I tend to go back to tried and true recipes when testing out new ingredients so was thinking something like this - funnily enough the stats are the same as yours  

OG 1.060
IBU 50 

98% JW trad
2% pale choc

60 min addition to hit 50 IBU total (or FWH)
0.75g/L @ 25
0.75g/L @ 10 (might drop this one)
1g/L @ 0 

WY1026 cask ale


----------



## Bubba (13/12/10)

POR will give you an earthy, woody flavour. I use it as bitterign mainly, and a bit of base flavour as I do mainly ales, then I top it off with a short boil of cascade or Amarillo for aroma and flavour. I like it!


----------



## under (13/12/10)

60min bittering addition is what im only going to use POR for. Made an aussie lager with it at 60 and 20. The 20min addition is way to resiny/earthy for me. And this was with fresh flowers. 

I have brewed a double batch of this beer for my xmas beer to take to the relos. And I have to say its tasting mighty fine so far. S-189 really is great.

Recipe: 29 - Xmas Draught
Brewer: Dazza
Asst Brewer: 
Style: German Pilsner (Pils)
TYPE: All Grain
Taste: (35.0) 

Recipe Specifications
--------------------------
Batch Size: 23.00 L 
Boil Size: 27.70 L
Estimated OG: 1.046 SG
Estimated Color: 5.0 EBC
Estimated IBU: 18.1 IBU
Brewhouse Efficiency: 75.00 %
Boil Time: 90 Minutes

Ingredients:
------------
Amount Item Type % or IBU 
3.42 kg Pilsner, Malt Craft Export (Joe White) (3.Grain 81.14 % 
0.28 kg Carapils / Carafoam (Weyermann) (3.9 EBC) Grain 6.69 % 
17.00 gm Pride of Ringwood (Flowers) [9.60 %] (60 Hops 18.1 IBU 
0.51 kg Cane (Beet) Sugar (0.0 EBC) Sugar 12.17 %


----------



## Armstrong (13/12/10)

I'm waiting for Mr Morgan's famous "Shame of Ringwood" line.

POR ... I love it!


----------



## fletcher (30/12/13)

necro alert.

am thinking of doing some semi-aussie/mixed aussie-american-english-whatever ales using POR as the bittering addition, and just wanted to know if people have successfully mixed it with other hops? care to share those experiences? i would guess at it mixing well with the earthy, english hop varieties but not as much with the american citrus-focused hops (though this is 100% bull shit speculation and i'd love to be proven wrong as i have many i'd consider putting it with).
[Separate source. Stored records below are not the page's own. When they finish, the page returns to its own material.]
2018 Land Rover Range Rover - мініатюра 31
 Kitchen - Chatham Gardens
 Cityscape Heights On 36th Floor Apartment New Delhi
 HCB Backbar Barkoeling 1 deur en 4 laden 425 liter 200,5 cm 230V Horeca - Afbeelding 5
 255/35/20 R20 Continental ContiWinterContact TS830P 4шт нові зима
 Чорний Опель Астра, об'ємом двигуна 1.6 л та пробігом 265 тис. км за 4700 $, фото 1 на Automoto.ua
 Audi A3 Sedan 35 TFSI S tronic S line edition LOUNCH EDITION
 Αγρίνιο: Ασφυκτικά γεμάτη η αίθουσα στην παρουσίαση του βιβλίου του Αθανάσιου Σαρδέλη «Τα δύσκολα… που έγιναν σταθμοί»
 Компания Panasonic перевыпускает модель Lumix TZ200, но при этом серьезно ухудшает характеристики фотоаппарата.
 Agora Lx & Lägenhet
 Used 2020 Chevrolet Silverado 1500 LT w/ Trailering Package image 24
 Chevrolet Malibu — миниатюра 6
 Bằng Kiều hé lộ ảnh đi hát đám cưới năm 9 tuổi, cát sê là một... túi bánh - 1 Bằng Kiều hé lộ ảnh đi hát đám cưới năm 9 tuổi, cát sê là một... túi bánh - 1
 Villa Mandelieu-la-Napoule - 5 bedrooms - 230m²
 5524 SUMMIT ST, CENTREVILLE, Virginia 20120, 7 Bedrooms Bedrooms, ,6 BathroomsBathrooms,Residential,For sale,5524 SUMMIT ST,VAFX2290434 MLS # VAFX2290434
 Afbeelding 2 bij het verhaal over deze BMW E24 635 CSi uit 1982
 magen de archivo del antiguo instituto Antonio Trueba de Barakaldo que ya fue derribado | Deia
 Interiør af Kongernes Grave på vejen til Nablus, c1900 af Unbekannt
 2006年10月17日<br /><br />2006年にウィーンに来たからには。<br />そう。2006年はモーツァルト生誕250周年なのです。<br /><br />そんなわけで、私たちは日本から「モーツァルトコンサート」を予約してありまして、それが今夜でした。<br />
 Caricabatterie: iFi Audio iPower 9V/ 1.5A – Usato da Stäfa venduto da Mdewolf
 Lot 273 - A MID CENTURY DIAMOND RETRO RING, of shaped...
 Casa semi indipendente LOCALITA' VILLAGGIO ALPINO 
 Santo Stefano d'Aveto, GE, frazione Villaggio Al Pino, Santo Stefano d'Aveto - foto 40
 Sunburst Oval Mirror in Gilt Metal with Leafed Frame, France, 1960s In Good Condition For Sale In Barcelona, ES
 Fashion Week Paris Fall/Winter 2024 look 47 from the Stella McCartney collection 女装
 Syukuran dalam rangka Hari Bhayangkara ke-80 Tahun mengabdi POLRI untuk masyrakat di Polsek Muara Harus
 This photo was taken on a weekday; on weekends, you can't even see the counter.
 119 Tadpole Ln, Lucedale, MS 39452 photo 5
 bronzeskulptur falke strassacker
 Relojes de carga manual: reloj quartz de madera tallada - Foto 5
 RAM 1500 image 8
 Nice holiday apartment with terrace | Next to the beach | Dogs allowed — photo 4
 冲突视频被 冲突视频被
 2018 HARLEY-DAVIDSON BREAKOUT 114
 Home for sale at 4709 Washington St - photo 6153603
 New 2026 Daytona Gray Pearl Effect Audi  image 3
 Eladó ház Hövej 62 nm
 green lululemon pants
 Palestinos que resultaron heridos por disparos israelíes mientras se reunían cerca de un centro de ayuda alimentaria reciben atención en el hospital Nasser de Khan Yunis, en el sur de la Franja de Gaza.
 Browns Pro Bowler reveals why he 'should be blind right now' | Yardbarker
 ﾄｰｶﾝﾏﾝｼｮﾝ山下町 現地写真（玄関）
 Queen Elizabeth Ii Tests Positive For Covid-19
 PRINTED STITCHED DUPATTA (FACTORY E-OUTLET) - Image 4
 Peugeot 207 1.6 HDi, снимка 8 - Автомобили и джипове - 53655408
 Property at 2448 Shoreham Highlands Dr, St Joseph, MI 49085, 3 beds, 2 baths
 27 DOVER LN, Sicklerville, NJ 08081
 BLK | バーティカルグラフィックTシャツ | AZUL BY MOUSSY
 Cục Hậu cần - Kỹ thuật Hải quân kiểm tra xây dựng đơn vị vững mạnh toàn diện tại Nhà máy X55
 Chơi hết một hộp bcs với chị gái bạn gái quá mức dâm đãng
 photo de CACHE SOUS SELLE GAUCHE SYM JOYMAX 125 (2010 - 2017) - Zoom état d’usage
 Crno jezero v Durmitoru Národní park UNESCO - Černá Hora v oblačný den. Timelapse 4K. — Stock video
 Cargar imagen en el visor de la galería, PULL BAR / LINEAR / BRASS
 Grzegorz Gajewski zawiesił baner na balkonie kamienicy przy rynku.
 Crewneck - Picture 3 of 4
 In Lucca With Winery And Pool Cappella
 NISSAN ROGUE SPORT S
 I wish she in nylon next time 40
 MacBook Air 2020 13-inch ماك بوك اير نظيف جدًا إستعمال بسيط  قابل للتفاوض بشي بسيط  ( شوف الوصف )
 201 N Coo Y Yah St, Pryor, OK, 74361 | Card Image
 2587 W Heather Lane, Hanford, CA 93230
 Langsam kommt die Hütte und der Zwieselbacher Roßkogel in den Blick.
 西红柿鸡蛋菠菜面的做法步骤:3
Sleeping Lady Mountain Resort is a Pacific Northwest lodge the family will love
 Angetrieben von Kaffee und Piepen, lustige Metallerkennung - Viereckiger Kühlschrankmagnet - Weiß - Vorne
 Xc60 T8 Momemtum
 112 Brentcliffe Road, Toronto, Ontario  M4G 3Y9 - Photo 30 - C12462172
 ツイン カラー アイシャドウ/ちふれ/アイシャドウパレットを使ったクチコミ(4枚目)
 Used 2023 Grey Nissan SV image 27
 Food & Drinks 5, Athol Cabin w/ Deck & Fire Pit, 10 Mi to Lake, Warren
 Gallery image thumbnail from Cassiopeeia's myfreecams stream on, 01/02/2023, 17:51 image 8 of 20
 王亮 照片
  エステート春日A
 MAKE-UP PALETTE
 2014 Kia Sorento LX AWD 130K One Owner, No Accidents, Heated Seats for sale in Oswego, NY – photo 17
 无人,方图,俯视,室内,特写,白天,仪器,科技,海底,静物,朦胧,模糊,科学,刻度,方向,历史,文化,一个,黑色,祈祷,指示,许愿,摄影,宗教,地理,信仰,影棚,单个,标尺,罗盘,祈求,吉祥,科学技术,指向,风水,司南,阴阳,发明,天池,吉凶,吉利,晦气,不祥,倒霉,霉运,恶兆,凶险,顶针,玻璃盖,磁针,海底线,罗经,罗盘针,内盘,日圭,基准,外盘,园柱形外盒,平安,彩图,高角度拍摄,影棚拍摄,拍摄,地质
at the simplest, off the top of my head, i would do an ale along the lines of:

pale ale - 90ish %
wheat - 7ish%
dex or maybe crystal - 3ish%

POR @ 60 for 25-30IBU
another hop/s for flavour and aroma for 10-25IBU

wlp009 or even just us-05.

would love to hear some feedback and/or experiences!


----------



## fletcher (31/12/13)

anyone? might be time for me to just experiment.


----------



## Bribie G (31/12/13)

POR is used as the base in many common "upmarket" aussie beers. Cascade use it plus late Hersbrucker (I believe they are changing to galaxy), Lashes 101 uses it plus NS and something else late.. I'd guess it's even in Crownies. Ducatiboy mentions that it's used in Coopers Dark plus Hallertau.

I use it in my competition lagers followed by a bit of late Hersbrucker.


----------



## Bridges (31/12/13)

Coopers mild is POR and Saaz.


----------



## Bribie G (31/12/13)

Ah that's the one. Never tried it, life's too short for mids. :beerbang:


----------



## fletcher (31/12/13)

i'm sure i've heard that hahn use it for their Kosciusko Pale Ale too for bittering, with galaxy. time to experiment me thinks.


----------



## eungaibitter1 (31/12/13)

I had a batch of coopers real ale turn banana from the heat when trying to reuse the yeast from the bottle. POR was all I had in the stash at the time so I chucked it in. Maybe 25 or 30 grams. It turned out pretty good for a piss into the wind.


----------



## Bridges (31/12/13)

Bribie G said:


> Ah that's the one. Never tried it, life's too short for mids. :beerbang:


My better half's favourite beer. Was awesome when I could get it in long neck form and reuse them. Alas now I can only get stubbies.
Still it's not bad at all for a light beer.


----------



## mosto (2/1/14)

I use it for bittering with Galaxy late in my Pride Of The Galaxy Ale. Comes out very nice.


----------